- Task statement
Starting at the line that contains "Set 22 Crochet", repeat each line of the listing below through the last one, exactly, and leave out every picture.

- Source data
····················

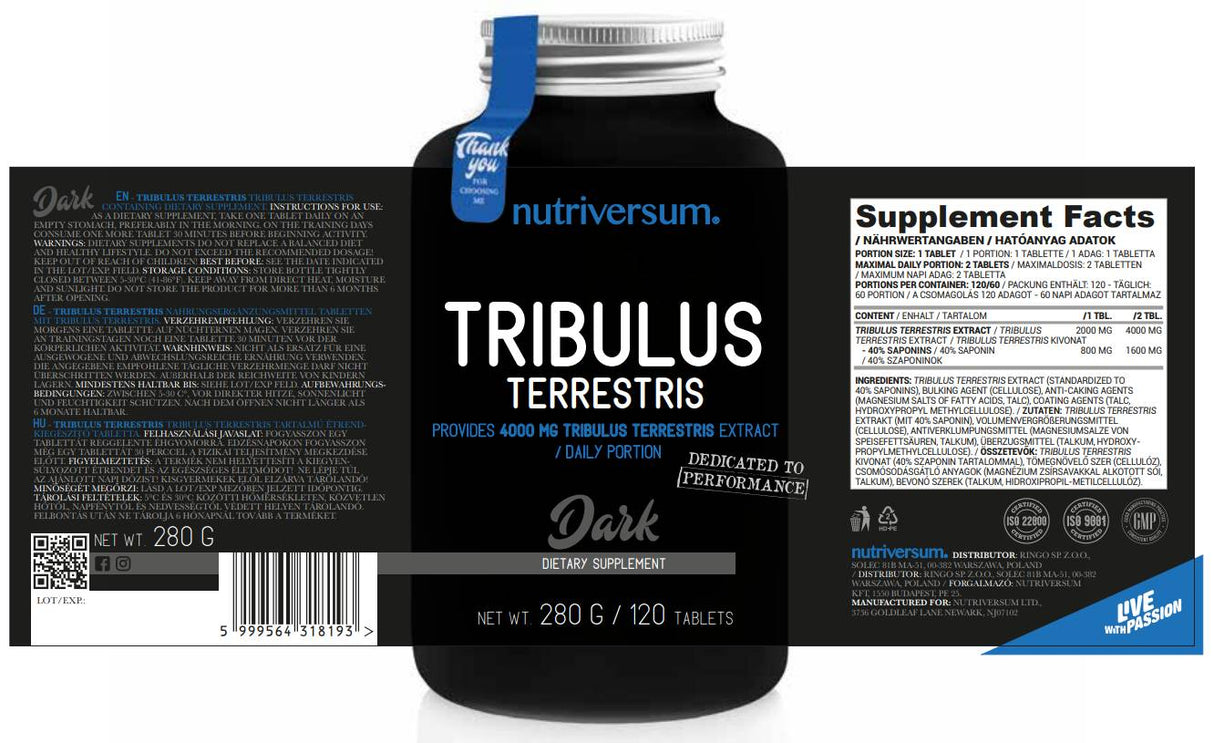 Tribulus Terrestris 2000 mg - 120 Tablets - Nutra Best Europe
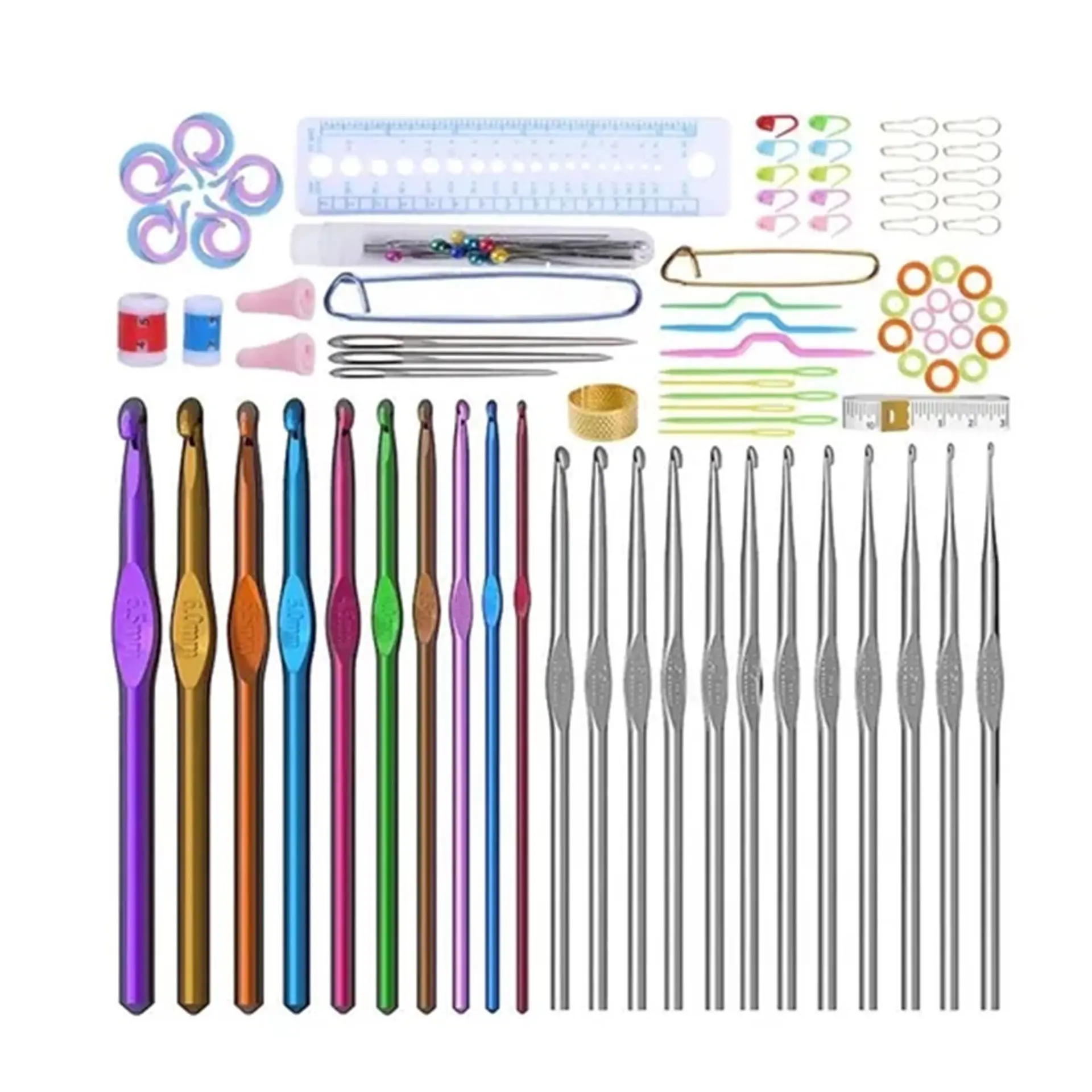 Set 22 Crochet 100 Accesorios Ganchillo En Estuche 7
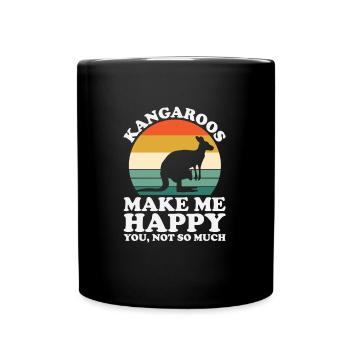 Kangaroos Make Me Happy Funny Kangaroo - Full Colour Mug - black - Front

····················

- Task result
 Set 22 Crochet 100 Accesorios Ganchillo En Estuche 7
 Kangaroos Make Me Happy Funny Kangaroo - Full Colour Mug - black - Front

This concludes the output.